> _ACTION ITEM_
Copy every line of the records that includes the word "long".

Records from a dataset

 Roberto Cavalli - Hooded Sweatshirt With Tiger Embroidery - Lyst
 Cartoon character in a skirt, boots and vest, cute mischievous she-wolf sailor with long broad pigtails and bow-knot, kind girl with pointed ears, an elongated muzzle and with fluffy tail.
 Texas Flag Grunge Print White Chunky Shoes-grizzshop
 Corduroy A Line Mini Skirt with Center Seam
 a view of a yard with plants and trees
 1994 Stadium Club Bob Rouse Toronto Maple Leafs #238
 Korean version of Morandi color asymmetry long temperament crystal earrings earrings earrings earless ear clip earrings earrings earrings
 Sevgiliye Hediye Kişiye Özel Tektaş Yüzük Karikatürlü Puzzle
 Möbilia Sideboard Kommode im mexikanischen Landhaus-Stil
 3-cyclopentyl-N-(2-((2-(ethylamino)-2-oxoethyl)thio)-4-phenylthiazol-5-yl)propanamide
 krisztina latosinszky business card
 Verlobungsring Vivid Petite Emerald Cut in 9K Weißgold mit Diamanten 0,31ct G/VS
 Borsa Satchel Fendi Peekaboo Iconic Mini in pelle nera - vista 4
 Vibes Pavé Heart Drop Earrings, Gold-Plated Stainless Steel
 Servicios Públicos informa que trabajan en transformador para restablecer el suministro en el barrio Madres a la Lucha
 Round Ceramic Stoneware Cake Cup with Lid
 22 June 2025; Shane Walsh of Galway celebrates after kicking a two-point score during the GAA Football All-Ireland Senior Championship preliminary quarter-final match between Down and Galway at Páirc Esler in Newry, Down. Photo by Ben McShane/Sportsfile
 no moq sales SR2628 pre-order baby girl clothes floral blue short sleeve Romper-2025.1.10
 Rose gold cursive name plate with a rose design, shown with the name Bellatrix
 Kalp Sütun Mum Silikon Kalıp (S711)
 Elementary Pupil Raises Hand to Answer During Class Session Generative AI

> _SOLUTION FOR THIS TASK_
 Cartoon character in a skirt, boots and vest, cute mischievous she-wolf sailor with long broad pigtails and bow-knot, kind girl with pointed ears, an elongated muzzle and with fluffy tail.
 Korean version of Morandi color asymmetry long temperament crystal earrings earrings earrings earless ear clip earrings earrings earrings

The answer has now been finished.